Dazu gesellten sich nun neuere Techno-Trends wie Minimal und Dub Techno. Über fünf Jahre schliff er an seinem Sound, schuf eine eigenwillige Mixtur, die sich auf „In Memoriam“ nachhören lässt: Es ist der Sound der großen Techno-Hochburgen Detroit und Berlin; dabei kommen aber unerwartete Referenzen, etwa von belgischem New Beat und Electronic Body Music, die sich ohne große Suchmanöver als Spurenelemente entdecken lassen.

Als Silent Servant war Mendez keiner, der irgendetwas zu verstecken hatte, ganz im Gegenteil: Seine vielfältigen Einflüsse hatte er ganz offenkundig und selbstbewusst im richtigen Moment präsentiert, wie Joker beim Pokern. Dass es dabei gelegentlich zu idiosynkratischen Interpretationen kommen konnte, erzählte er bereits 2010 dem Berliner DJ und Journalisten Finn Johannsen in einem ausführlichen Interview.

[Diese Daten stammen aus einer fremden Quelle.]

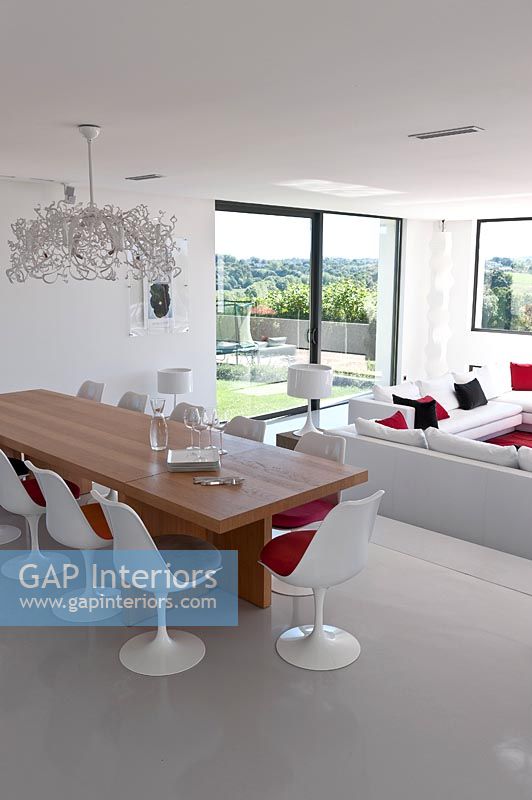 Contemporary white dining room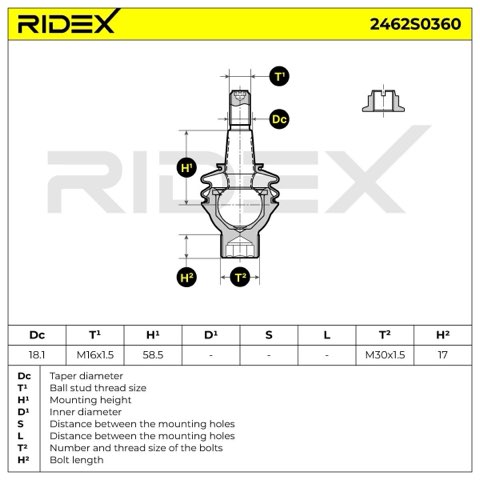 Ridex 2462S0360 Ball Joint, photo 3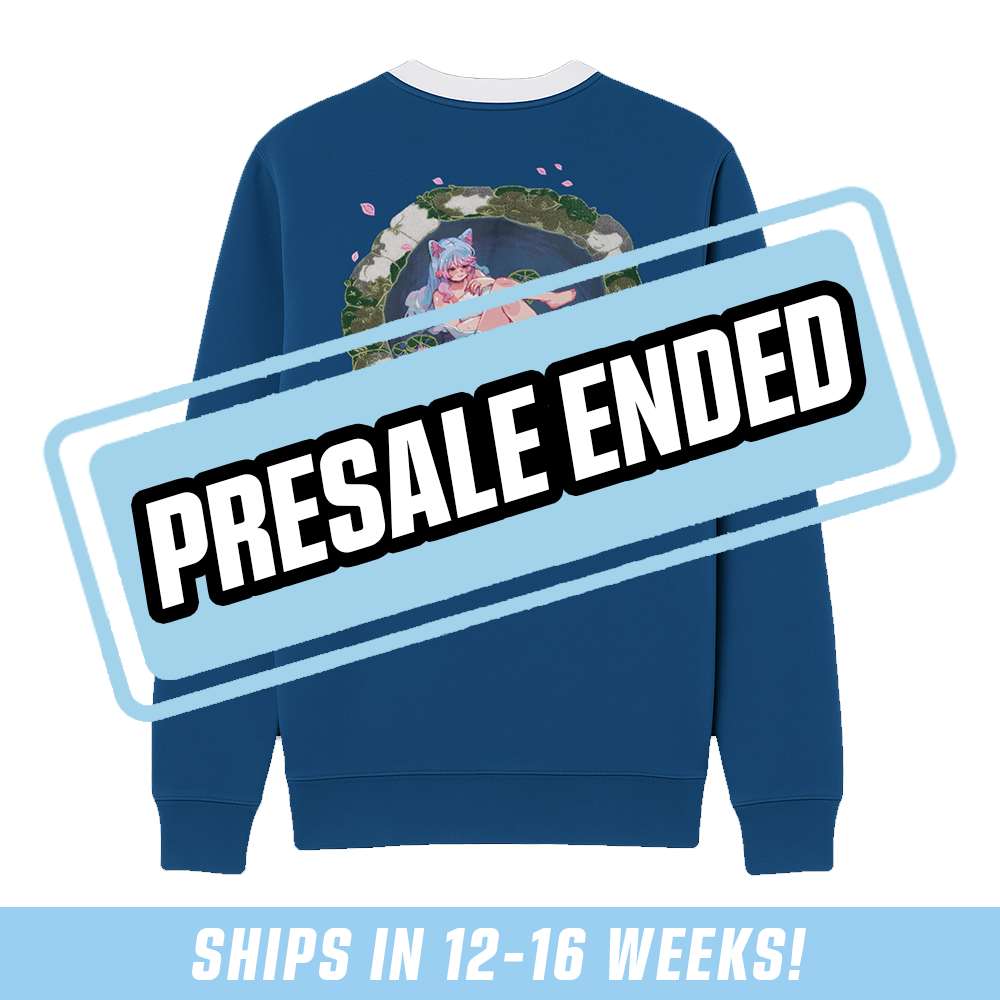 Blue crewneck with white collar featuring pixelated lily pads and "GAMER SUPPS X SILVERVALE" text on chest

Abgrenzungen ohnehin schnell unwichtig

Beim Gespräch erkannte Mendez den Sound der kalifornischen Szene als stete Fehlinterpretation der Techno-Entwürfe in den Ballungsräumen Detroit, Chicago und Berlin. Für Mendez werden Abgrenzungen ohnehin schnell unwichtig; wichtig ist nur, dass es hart, schnell und dem Loop als grundlegende Struktur verpflichtet ist.

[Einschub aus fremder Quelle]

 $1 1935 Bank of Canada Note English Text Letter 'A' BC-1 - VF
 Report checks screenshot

Von da aus entdeckt er Industrial, vor allen Dingen jener britischen Machart, was ihn kurze Zeit später zum Kollektiv Sandwell District führt. Regis (bürgerlich: Karl O’Connor) aus Birmingham leitet damals, es ist das Jahr 1999, nicht nur das Label Downwards, er baut gleichzeitig das Kollektiv auf und lädt Mendez zum Mitmachen ein: Silent Servant wird 2001 musikalischer Teilhaber und Grafik-Designer für Sandwell District.

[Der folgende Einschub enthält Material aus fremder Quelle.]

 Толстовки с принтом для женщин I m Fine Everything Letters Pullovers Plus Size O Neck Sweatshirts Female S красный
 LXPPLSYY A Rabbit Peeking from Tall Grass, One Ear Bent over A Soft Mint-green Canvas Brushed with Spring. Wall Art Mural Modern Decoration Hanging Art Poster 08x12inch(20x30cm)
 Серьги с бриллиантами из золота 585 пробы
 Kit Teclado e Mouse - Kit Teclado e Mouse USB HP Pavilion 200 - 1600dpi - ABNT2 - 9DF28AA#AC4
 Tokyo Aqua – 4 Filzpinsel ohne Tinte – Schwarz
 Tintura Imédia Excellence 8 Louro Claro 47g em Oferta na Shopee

Und der Kalifornier war, für einige Be­ob­ach­te­r:In­nen überraschend, auch mit von der Partie bei der Sandwell-District-Reunion letztes Jahr. Dass es dazu nun nicht mehr in einem größeren Rahmen kommt, betrauern nicht nur Fans des guten „berghainian“ Techno, es sollte allgemein Anlass zum Lamento sein.